***** SUPPLIED RECORDS *****

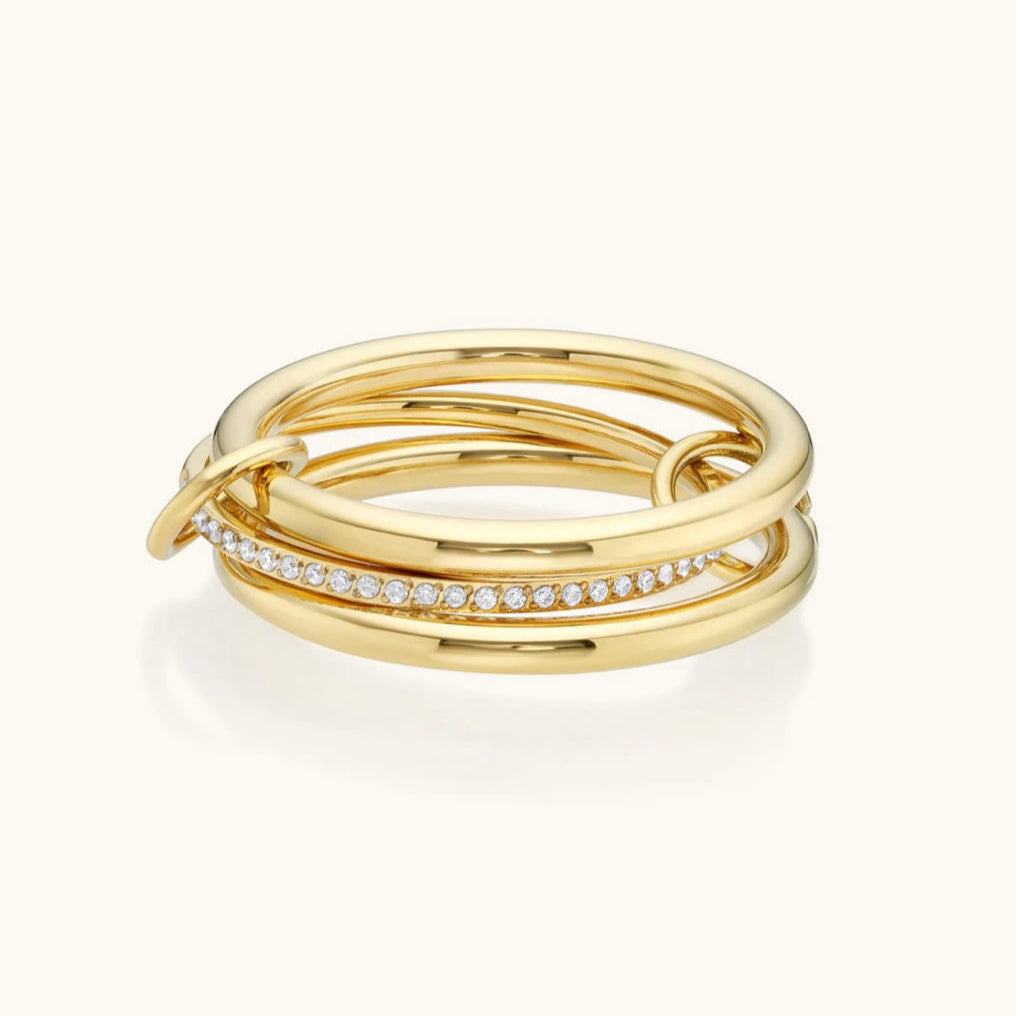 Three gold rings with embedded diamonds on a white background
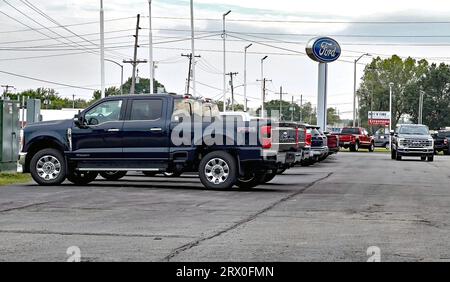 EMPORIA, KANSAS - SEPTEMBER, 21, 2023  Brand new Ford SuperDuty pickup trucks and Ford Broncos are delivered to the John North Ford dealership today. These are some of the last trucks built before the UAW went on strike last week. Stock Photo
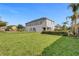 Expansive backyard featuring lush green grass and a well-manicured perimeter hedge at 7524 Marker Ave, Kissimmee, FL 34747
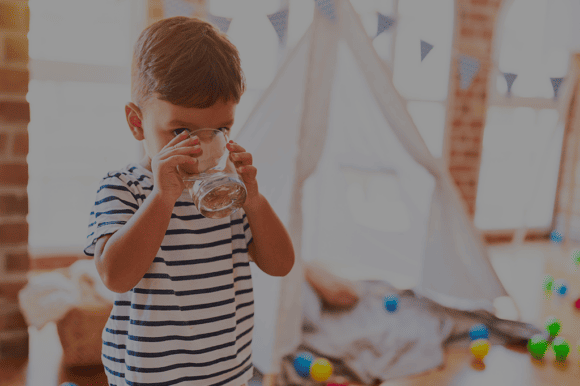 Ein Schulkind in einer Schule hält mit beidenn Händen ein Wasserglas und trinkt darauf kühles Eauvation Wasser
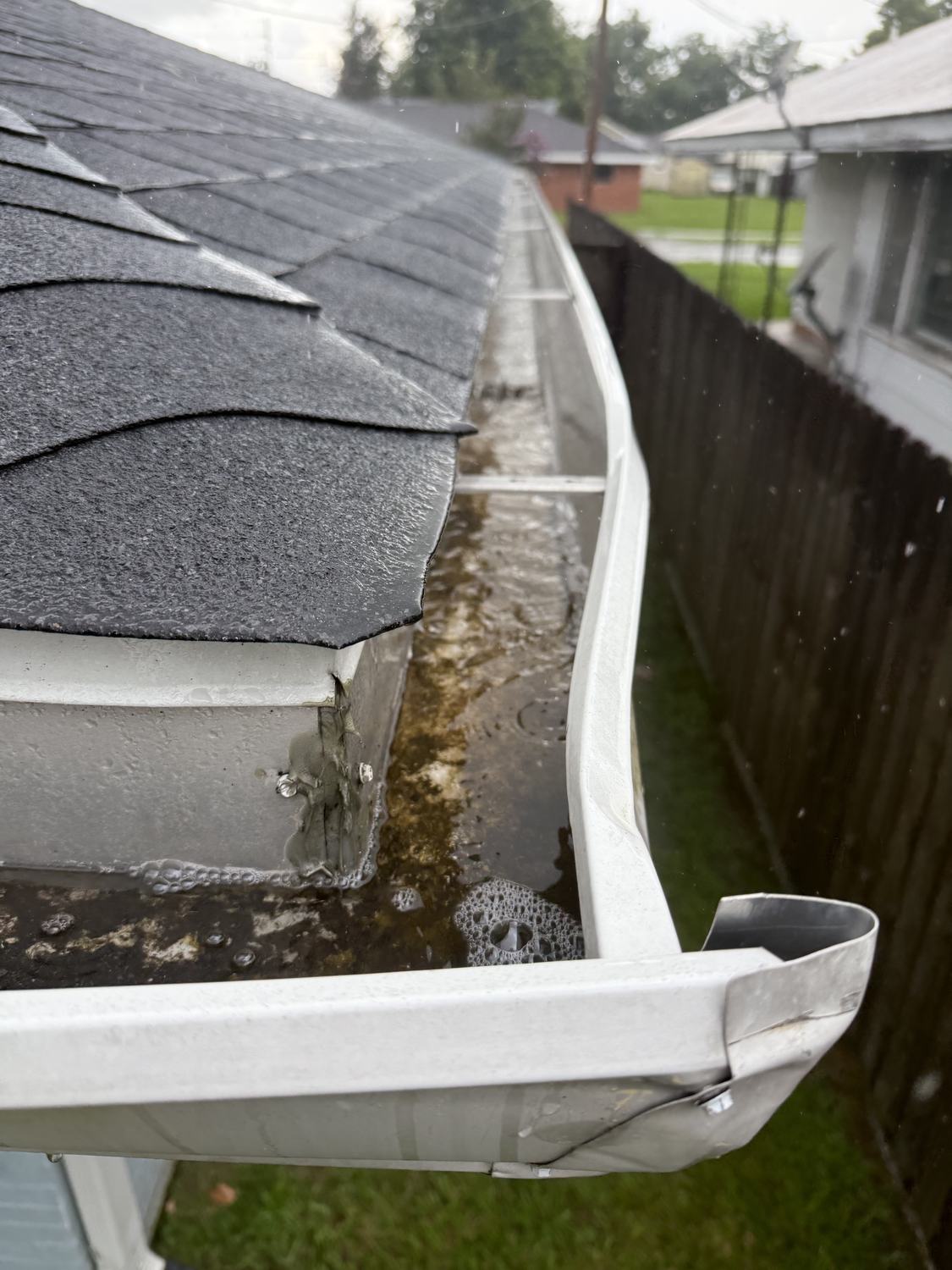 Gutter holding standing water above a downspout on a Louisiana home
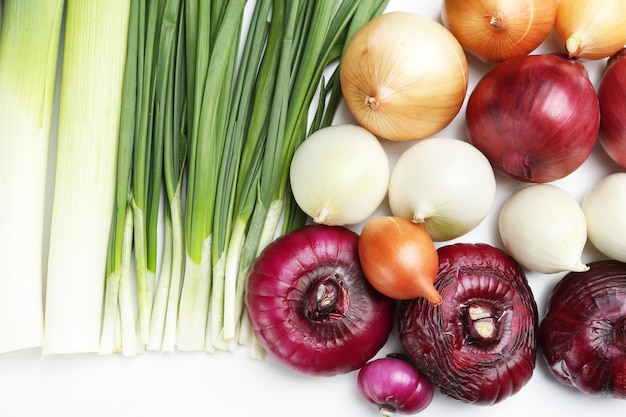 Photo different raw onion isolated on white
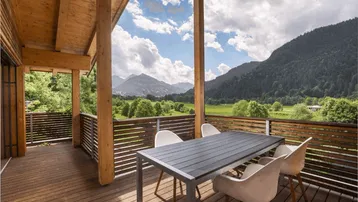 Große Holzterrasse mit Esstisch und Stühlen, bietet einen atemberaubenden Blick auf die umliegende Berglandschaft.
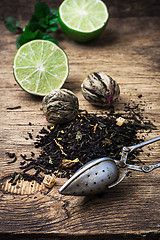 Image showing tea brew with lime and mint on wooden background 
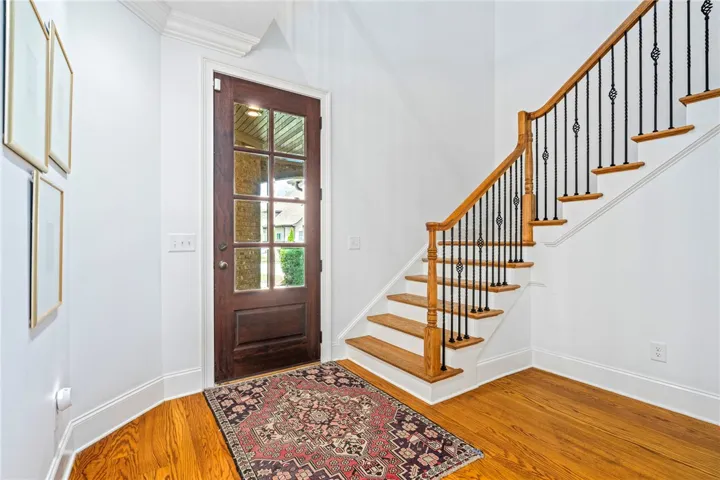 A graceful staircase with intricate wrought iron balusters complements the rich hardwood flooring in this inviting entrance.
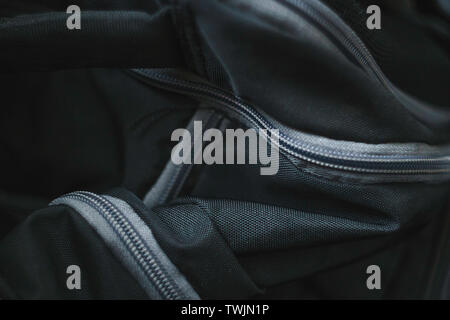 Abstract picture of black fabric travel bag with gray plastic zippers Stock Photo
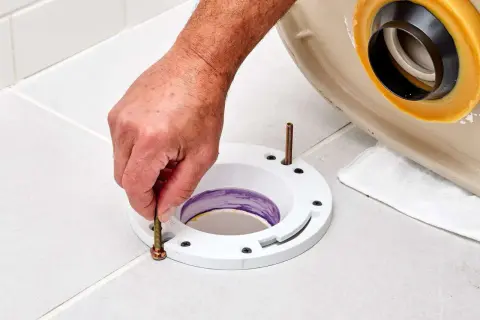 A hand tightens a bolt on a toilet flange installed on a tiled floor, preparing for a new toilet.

*****
***** SUPPLIED RECORDS *****

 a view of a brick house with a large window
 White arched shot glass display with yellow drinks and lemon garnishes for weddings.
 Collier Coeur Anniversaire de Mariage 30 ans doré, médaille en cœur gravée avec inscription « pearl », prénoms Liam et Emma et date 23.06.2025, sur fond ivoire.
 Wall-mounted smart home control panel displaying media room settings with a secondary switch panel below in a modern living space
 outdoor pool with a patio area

*****
***** SUPPLIED RECORDS *****

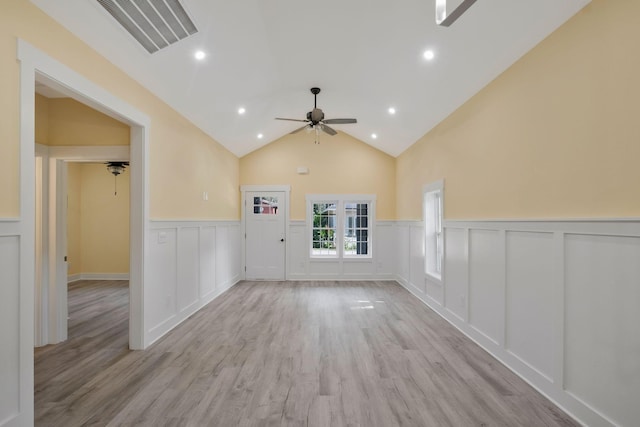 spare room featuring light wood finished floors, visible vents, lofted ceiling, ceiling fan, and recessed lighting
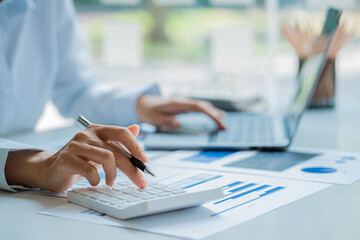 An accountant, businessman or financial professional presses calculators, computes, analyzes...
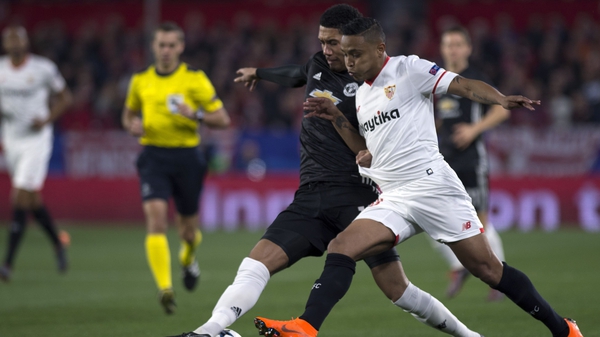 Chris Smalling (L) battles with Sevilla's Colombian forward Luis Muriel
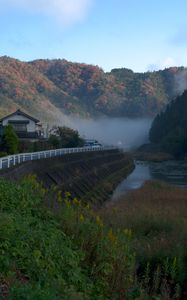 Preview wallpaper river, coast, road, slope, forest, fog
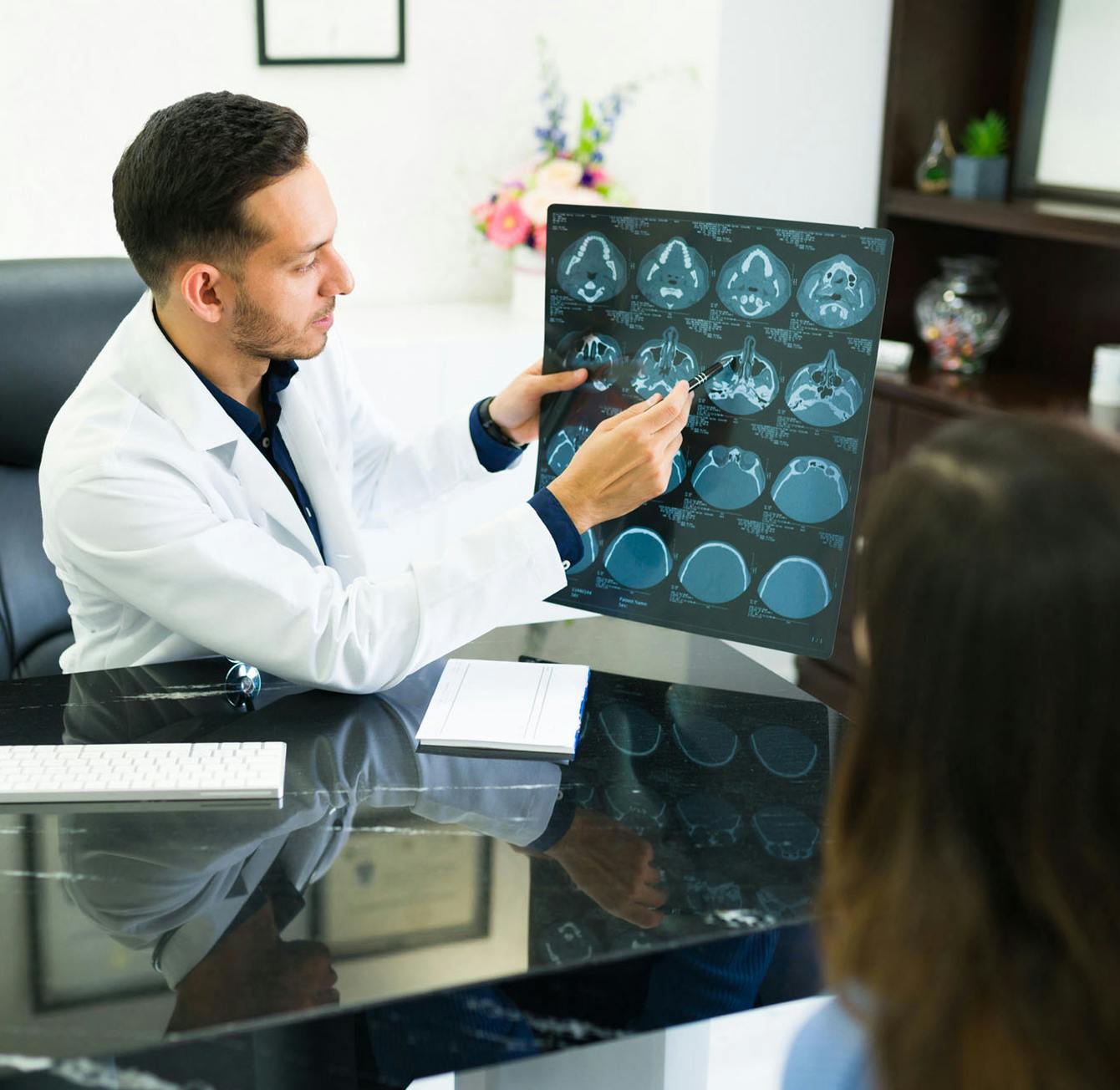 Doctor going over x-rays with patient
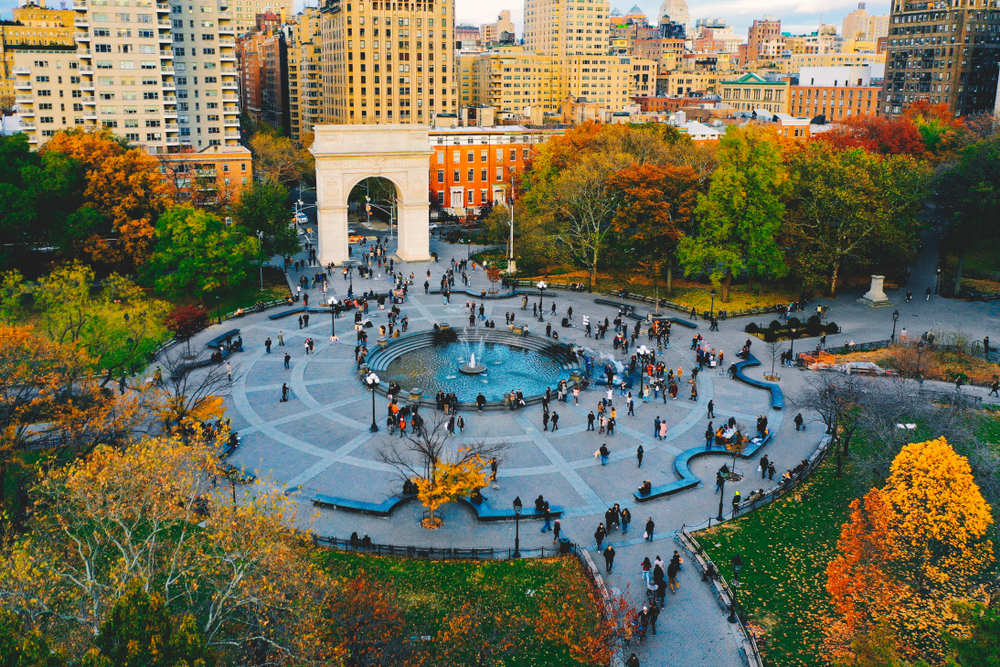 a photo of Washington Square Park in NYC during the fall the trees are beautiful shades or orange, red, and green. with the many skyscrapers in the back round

*****

WHAT THE TASK ASKS: Without the pictures, set down the lines above from the line with "Expansive backyard featuring" up to and including the line with "A hand tightens" exactly as they stand.

OUTPUT OF THE EXERCISE:
 Expansive backyard featuring lush green grass and a well-manicured perimeter hedge at 7524 Marker Ave, Kissimmee, FL 34747
 Ein Schulkind in einer Schule hält mit beidenn Händen ein Wasserglas und trinkt darauf kühles Eauvation Wasser
 Gutter holding standing water above a downspout on a Louisiana home
 Photo different raw onion isolated on white
 Große Holzterrasse mit Esstisch und Stühlen, bietet einen atemberaubenden Blick auf die umliegende Berglandschaft.
 Image showing tea brew with lime and mint on wooden background 
 A graceful staircase with intricate wrought iron balusters complements the rich hardwood flooring in this inviting entrance.
 Abstract picture of black fabric travel bag with gray plastic zippers Stock Photo
 A hand tightens a bolt on a toilet flange installed on a tiled floor, preparing for a new toilet.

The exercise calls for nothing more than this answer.